## Problem to solve
Please write out the final portion of the records below exactly: the line containing "watch michigan firefighters", every line after it, and nothing else.

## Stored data
BEGIN
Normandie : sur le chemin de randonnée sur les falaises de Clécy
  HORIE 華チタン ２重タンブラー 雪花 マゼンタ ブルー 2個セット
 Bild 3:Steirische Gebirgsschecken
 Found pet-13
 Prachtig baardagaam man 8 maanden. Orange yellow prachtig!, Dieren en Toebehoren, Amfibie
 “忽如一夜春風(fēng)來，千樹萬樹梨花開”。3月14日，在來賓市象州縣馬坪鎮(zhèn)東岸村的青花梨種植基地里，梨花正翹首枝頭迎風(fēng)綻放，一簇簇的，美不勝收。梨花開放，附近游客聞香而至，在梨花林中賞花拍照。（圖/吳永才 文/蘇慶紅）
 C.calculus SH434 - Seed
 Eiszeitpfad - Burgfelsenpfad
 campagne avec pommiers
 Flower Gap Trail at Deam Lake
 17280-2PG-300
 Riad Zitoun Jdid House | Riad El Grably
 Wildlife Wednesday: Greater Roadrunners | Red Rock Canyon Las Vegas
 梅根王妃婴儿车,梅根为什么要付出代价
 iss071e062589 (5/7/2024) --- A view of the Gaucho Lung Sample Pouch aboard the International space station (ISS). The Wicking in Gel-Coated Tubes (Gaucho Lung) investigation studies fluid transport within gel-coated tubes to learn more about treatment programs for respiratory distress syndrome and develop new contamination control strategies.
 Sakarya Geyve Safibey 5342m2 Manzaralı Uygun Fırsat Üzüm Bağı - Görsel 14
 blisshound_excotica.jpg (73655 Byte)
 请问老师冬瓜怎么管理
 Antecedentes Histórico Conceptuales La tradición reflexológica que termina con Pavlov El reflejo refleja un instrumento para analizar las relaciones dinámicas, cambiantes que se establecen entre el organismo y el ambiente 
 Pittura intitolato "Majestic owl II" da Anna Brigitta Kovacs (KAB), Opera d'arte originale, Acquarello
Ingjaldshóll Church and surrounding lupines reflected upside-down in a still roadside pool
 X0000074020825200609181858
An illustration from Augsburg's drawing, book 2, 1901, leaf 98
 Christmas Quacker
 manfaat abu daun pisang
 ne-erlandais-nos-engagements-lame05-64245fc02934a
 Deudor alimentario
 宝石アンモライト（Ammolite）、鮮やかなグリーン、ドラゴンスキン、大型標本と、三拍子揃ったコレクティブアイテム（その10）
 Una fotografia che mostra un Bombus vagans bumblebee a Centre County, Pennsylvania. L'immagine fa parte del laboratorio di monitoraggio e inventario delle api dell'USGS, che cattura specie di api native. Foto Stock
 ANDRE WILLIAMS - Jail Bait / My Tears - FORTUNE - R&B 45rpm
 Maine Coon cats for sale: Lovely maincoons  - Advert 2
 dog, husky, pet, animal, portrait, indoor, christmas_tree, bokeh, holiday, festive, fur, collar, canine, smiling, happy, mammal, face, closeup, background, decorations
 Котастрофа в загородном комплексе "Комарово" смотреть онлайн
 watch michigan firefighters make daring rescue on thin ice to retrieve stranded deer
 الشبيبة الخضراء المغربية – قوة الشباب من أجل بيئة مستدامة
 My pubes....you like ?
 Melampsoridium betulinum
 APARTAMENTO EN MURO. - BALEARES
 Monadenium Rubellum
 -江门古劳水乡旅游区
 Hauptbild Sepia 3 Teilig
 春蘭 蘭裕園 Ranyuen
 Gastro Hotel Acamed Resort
END
## Result of this task
 watch michigan firefighters make daring rescue on thin ice to retrieve stranded deer
 الشبيبة الخضراء المغربية – قوة الشباب من أجل بيئة مستدامة
 My pubes....you like ?
 Melampsoridium betulinum
 APARTAMENTO EN MURO. - BALEARES
 Monadenium Rubellum
 -江门古劳水乡旅游区
 Hauptbild Sepia 3 Teilig
 春蘭 蘭裕園 Ranyuen
 Gastro Hotel Acamed Resort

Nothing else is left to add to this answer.